Some studies around the world were accomplished to find out which type of T. gondii is responsible for ocular toxoplasmosis. Switaj K. et al. investigated relationship between ocular form of toxoplasmosis and type I of the parasite, as the most virulent type of the parasite in mouse (42). In this study like our study whole blood samples were used for genotyping of the parasite instead of vitreous humor because taking blood sample is safe, convenient and useful (42). In one study researchers detected genetic material of the parasite in 86.9% (53 out of 63) of patients with active retinochoroiditis, and also in 50% (6 out of 12) of patients with old scar by PCR method. Another study that was conducted in Brazil using SAG1 locus, revealed that all 11 strains causing retinochoroiditis belong to type 1 (43). In USA, type I and recombinant genotypes with a type I are predominant (36).

Ferreira et al. used PCR-RFLP method on several genetic markers including SAG1, SAG2, 5′- and 3′-SAG2, alt.SAG2, SAG3, BTUB, GRA6, C22–8, c29–2, L358, PK1, and Apico (44). In this study, detected parasites were grouped in three distinct groups.

In one study researchers determined genotype of T. gondii using PCR-RFP on GRA6 gene, they used samples from different hosts (including human, sheep, rabbit, guinea pig, cat, chicken and monkey) with different clinical signs and different countries (including USA, New Zealand, France, Germany, Scotland, England and French Guyana) detected type I and type II, unlike our study type III was not found in their study (34).

GRA6 was used to genotype animal isolates of T. gondii. Biradar et al. characterized isolates from chicken using GRA6 gene sequence analysis in India (45). They reported that chicken isolates of the parasite belong to type III.

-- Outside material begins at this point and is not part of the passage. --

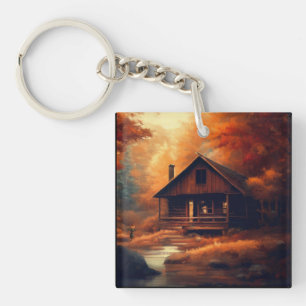 Autumn/Fall/Halloween/rustic painting Key Ring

Prior to our study, in several studies genotyping of various isolates of Toxoplamsa gondii was carried out but to the best of our knowledge in the present study for the first time samples were collected from ocular toxoplasmosis patients in Iran. Rashidi et al. carried out molecular characterization of the parasite from rats in Tehran using PCR and sequencing; according to alignment results their isolates had had the highest similarity (81–95%) with RH stain (46). They found 50% of rats (20 out of 40) positive and their isolates had the most similarity with RH strain.

Conclusion

T. gondii, particularly its type III plays an important role in retinochoroiditis occurrence in Iran and it should not be neglected by ophthalmologists.